In those circumstances the learned judge made what was in effect a proportional order. Her reasoning and the decision which gave the wife more than her specified needs. This ratio was accepted in the case of Cornick (Number 2), decided by the then President Sir Stephen Brown [1995] 2FLR 493. There the learned judge quotes from Booth J's first instance decision and states:
"Secondly, the cases of Boylan v Boylan and Primavera v Primavera make it clear that the court is entitled to take into account increases in the resources -- both capital and income -- of the paying party when varying periodical payments.
"In Boylan, where there had been a vast increase in the capital value of the husband's business, Booth J rejected an approach based solely upon the wife's needs and adopted one based upon the rough proportion of the husband's income which the original order had allowed to the wife.
"In Primavera the main debate in the Court of Appeal related to other matters, but no challenge was made to Booth J's approach once again following the principle she herself had adumbrated in Boylan."
He then goes on:
"This does not necessarily mean that a former spouse is entitled to take full advantage of a massive increase in wealth of the other spouse, especially if the divorce was some time ago and the increase in wealth is due to factors having nothing to do with the life they had led during the marriage. It must always be tempered by an alternative approach based on their reasonable requirements."
Of course, this later concept has now been tempered by the House of Lords decisions in White and Miller v McFarlane. In the case of Cornick (Number 3) [2001] 2FLR 1240 Charles J dealt with cases on the variation of periodical payments which has been made before White was decided. In particular I note what he said in paragraphs 104 and 105:
"In my judgment White v White and Cowan v Cowan confirm and support the approach taken in Cornick (Number 2) that the court should consider the whole picture. The earlier cases and Cornick (Number 2) show that the court can take into account an increase in the wealth of the payor and that s 25(2)(c) namely the standard of living enjoyed by the family before the breakdown of the marriage is by itself not a determinative factor. In my judgment this approach to s 25(2)(c) accords with the language of the statute and the underlying purpose of s 31. For example if the payor's available resources decreased dramatically the payee would not be able to argue successfully against a downward variation because the payee's standard of living would then fall below the standard enjoyed by the family before the breakdown of the marriage. In my judgment in those circumstances the payee would be likely to have to suffer the consequences of the inability of the payor to pay as much. It is therefore logical that a payee is not precluded from deriving benefit from an increase in the payor's fortunes even if this results in the payee enjoying a higher standard of living than he or she did during the marriage."

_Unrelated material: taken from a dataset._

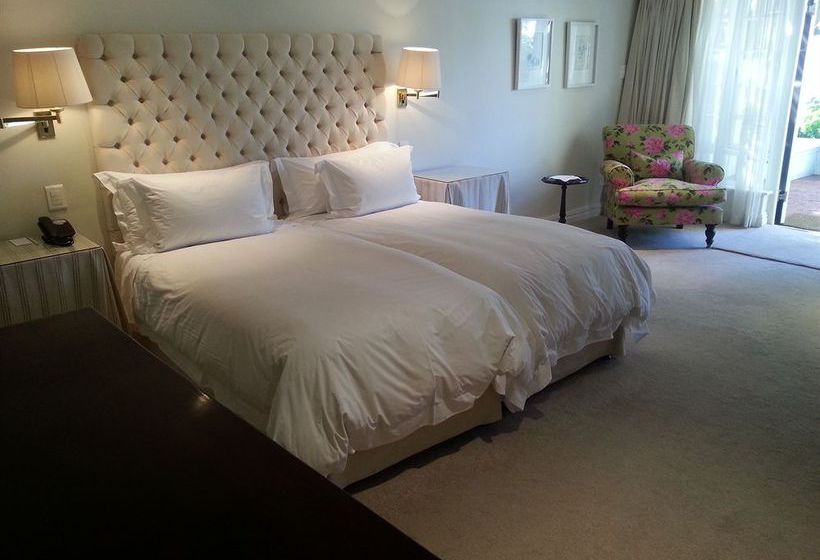 The Andros Boutique Hotel 8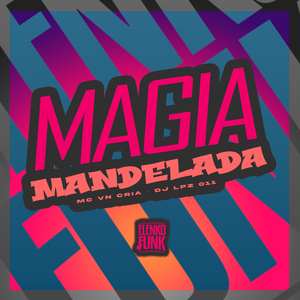 Magia Mandelada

That of course is not this case. At 106 he said:
"In my judgment, just as it is on the first application for orders for financial provision, White v White is clear authority on an application for variation (and for an order for a lump sum on a discharge or variation of a periodical payment) for the following points, namely that (a) the court should not rely on the judicial concept of 'reasonable requirements' as a determinative or limiting factor in cases when a payor has, or acquires, an ability to pay more than the payee's financial needs even when they are interpreted generously and called 'reasonable requirements', and (b) the court should exercise its discretion by applying the words of the statute."
Thorpe LJ in the case of Pearce, to which I have already alluded, disagreed with that formulation. He said in paragraph 28:
"I am in no doubt that the opinion expressed by Charles J between paragraphs 109 and 118 of his judgment is obiter and erroneous. The learned judge then continued with his thought process as outlined above. It was perhaps hazardous to dismiss the orthodox understanding of the meaning of section 31(b) of the Matrimonial Causes Act without argument, especially when the case before him did not require it.”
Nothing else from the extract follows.